AVAILABLE DATA:

= Beginning of Section =

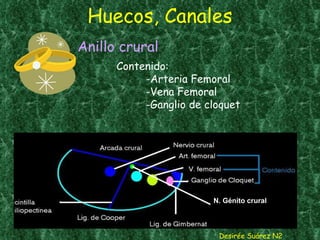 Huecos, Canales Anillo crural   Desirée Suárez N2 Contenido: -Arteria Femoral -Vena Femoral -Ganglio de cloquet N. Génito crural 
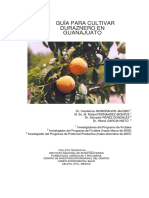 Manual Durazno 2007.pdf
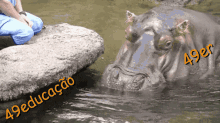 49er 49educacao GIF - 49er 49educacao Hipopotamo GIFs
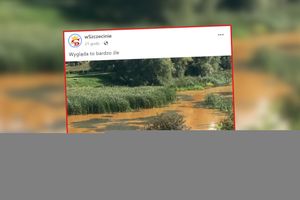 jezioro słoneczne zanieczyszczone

= End of Section =

WHAT THE EXERCISE ASKS:
From the material above, print everything exactly except the pictures.

SOLUTION TO THIS TASK:
 Huecos, Canales Anillo crural   Desirée Suárez N2 Contenido: -Arteria Femoral -Vena Femoral -Ganglio de cloquet N. Génito crural 
 Manual Durazno 2007.pdf
 49er 49educacao GIF - 49er 49educacao Hipopotamo GIFs
 jezioro słoneczne zanieczyszczone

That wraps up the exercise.